On the Potential of Textual Data for Explainable Predictive Process Monitoring (ICPM 2022)

Primary LanguageJupyter NotebookApache License 2.0Apache-2.0

On the Potential of Textual Data for Explainable Predictive Process Monitoring

This is the supplementary repository for the research "On the Potential of Textual Data for Explainable Predictive Process Monitoring". Submitted to ICPM Conference 2022 (3rd International Workshop on Leveraging Machine Learning in Process Mining (ML4PM)).

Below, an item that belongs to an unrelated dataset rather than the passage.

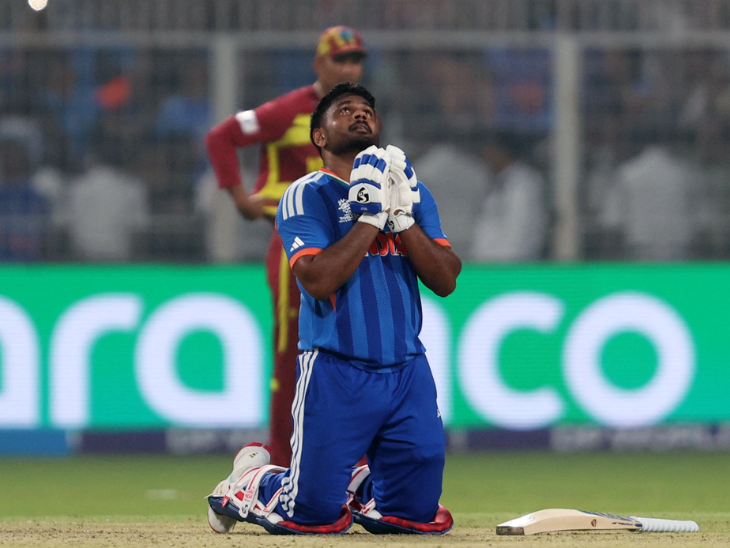 सैमसन विनिंग शॉट खेलने के बाद घुटनों पर बैठ गए।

  • Author: Christian Warmuth, Prof. Dr. Henrik Leopold
  • Affiliation: Hasso Plattner Institute
  • Chair: Business Process Technology

Abstract:

Predictive process monitoring techniques leverage machine learning (ML) to predict future characteristics of a case, such as the process outcome or the remaining run time. Available techniques employ various models and different types of input data to produce accurate predictions. However, from a practical perspective, explainability is another important requirement besides accuracy since predictive process monitoring techniques frequently support decision-making in critical domains.

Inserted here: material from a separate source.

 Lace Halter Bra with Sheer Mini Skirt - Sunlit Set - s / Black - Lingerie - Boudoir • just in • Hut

Techniques from the area of explainable artificial intelligence (XAI) aim to provide this capability and create transparency and interpretability for black-box ML models. While several explainable predictive process monitoring techniques exist, none of them leverages textual data. This is surprising since textual data can provide a rich context to a process that numerical features cannot capture.

Recognizing this, we use this paper to investigate how the combination of textual and non-textual data can be used for explainable predictive process monitoring and analyze how the incorporation of textual data affects both the predictions and the explainability. Our experiments show that using textual data requires more computation time but can lead to a notable improvement in prediction quality with comparable results for explainability.

Setup

The dataset augmentation can be run a local device, while the experiments were conducted on AWS Sagemaker with a g4dn.2xlarge Instance.

conda create -n xai python=3.7
conda activate xai
pip install -r requirements.txt
python -m spacy download en_core_web_sm

To use Topic Modeling using LDA (and optimized LDA with gibbs sampling from MALLET)

conda install -c conda-forge pyldavis
Download from "http://mallet.cs.umass.edu/dist/mallet-2.0.8.zip" and set in path in config.toml

For Experiment Evaluation:

Download pretrained word2vec vectors from https://code.google.com/archive/p/word2vec/ and set in path in config.toml

Experimental Setup

The experiments are conducted on an Amazon Webservices (AWS) Sagemaker cloud computing instance (ml.g4dn.2xlarge) with 8x Intel Xeon Scalable Processors of the 2nd Generation. The server is equipped with 1x NVIDIA T4 Tensor Core GPU with 16 GiB of high bandwidth graphic memory (GDDR6) and 32 GiB RAM. CUDA version is 11.4, and the driver version is 470.57.02 with Python 3.7.10. We use Python's integrated time package for time measurements. The calculations were performed with a random seed for all experiments to ensure reproducibility.

For the first stage of strategy 2, we use a BERT model for filtering out the $n$ most important words, which are fed into a second-stage XGBoost model. For strategy 2, we will take the first 300 most important features into the second stage XGBoost model.

For the experiments, we will perform the different evaluations on 11 synthetically augmented datasets with an impurity ranging from 0.0 to 1.0 in steps of 0.1. For simplification reasons, we use the notion of purity as 1 - impurity.

Repo Organization

├── README.md          <- Top-level README.
├── charts             <- Charts generated for the publication and experiments.
├── experiments        <- Jupyter notebooks for the experiments to be run on AWS Sagemaker.
├── exploration        <- Jupyter notebooks containing exploratory data analysis as well as prototype impementations. 
├── config.toml        <- Config file to specify paths to files.
├── requirements.txt   <- The requirements file for reproducing the analysis.
└── src                <- Source code for experiments, exploratory data analysis and the prototype.